First, the successful managers lent a hand at the right time. This isn’t about predicting or pre-empting problems before they arise. In fact, the opposite proved to have greater impact. Astute managers, it seems, understand that people are generally more willing to receive help if they have first had a chance to get involved in the task and have discovered its challenges for themselves. Then any help offered is understood and valued much more.

The second strategy concerned clarifying why you’re getting involved. The issue here is that managers play many roles in relation to their team members: evaluating, informing, instructing, correcting, and rewarding amongst others. These roles are based on power: the manager has positional power in relation to their team members. This power difference can mean that a team member becomes defensive or anxious when help is offered. Here trust and psychological safety were found to be important team culture attributes, if the manager wants to convey that they want to help, not judge or take over. A critical step that effective managers were found to take was clarifying their intentions and their willingness to be a collaborative adviser.

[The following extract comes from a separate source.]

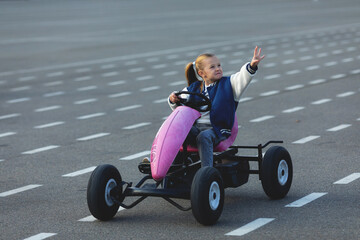 Little girl is riding on pedal karting. Child on a toy pedal car rides on a bike path outdoor,...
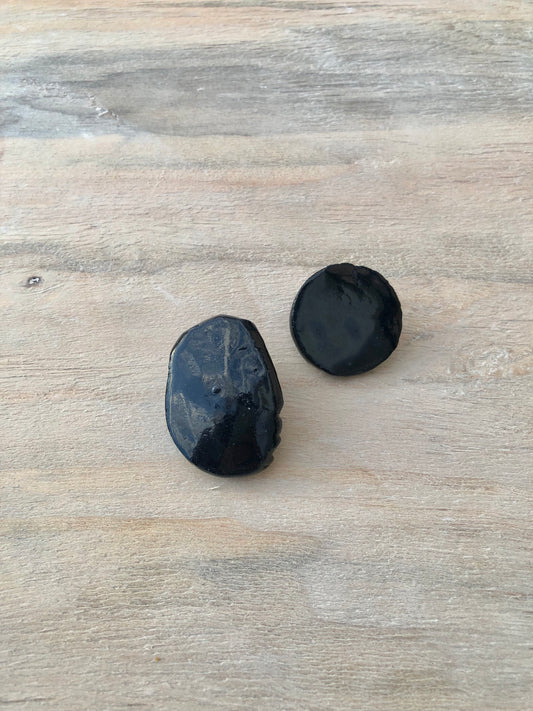 Aretes Roto Negro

A third strategy concerned aligning any help offered to the nature of the challenge a team is facing. For example, do your team members need intensive, short-term guidance or would your help be more appropriately delivered over a longer period, in a ‘path-clearing’ manner? Intensive help can create a crucial turning point in a project that was at risk of getting stuck. In contrast, intermittent help delivered over a longer period might take the pressure off the team in an ongoing way. But to make the right call about the type of help required means that a manager needs to stay informed so that they can avoid their well-meant help being seen as shallow or vague.

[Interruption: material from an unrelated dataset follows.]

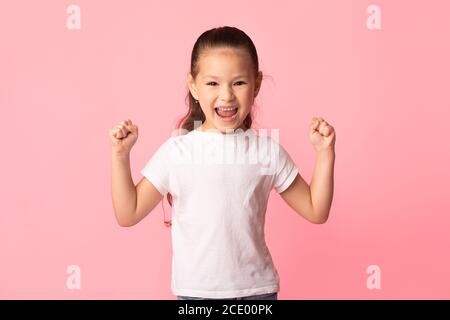 Bambina asiatica scuotendo pugni, facendo gesto vincitore Foto Stock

Virtual helping skills deliver dividends

With so many teams these days scattered across different locations (working from home, working from anywhere) this issue of how managers can help their people in ways experienced as useful, not annoying, is only going to grow in importance. When managing a remote team, one risk is checking in too often but another is not checking in often enough!

Research from multiple sources, including our own UGM data, indicates that people working virtually can quite easily start to feel isolated and out of touch. The right style of support, delivered in the right amount, at the right time can boost performance and enhance that all-important sense of belonging. Helping at a distance turns out to involve a complex skill set, one much-needed as organisations adjust to this new normal of most employees working from home, at least some of the time. For employees, the experience of positive ‘helping episodes’ boosts morale, job satisfaction and performance. Skills that will deliver such important outcomes are certainly worth learning!


10 Tips to help you avoid micromanaging and start helping

  1. Regularly reflect on how much control and oversight from you are experienced as helpful by your team members.
  2. Consistently monitor team trust levels and act swiftly to address any trust shortfalls.
  3. Prioritise the tasks and projects most important to you and share this with your subordinates.
  4. Discuss with your team members a clear line of sight between the work each person does, the team’s goals, and the organisation’s goals.
  5. Draw up a team agreement about how and when you ‘check-in,’ rather than ‘check-up’
  6. Discuss your reporting preferences with team members, so that you can minimise any work style clashes.
  7. Ensure your offers of help are timed wisely i.e., once team members have got a clear sense of the project and its challenges for themselves.
  8. Clarify what you’re trying to achieve with your help so that your positive intentions are understood.
  9. Adjust the nature of your help to the type of challenges your team members are facing, e.g., intensive or intermittent help.
  10. Regularly review ‘helping episodes’ with your team members, so that you can minimise any mismatches in the amount and style of help you give them.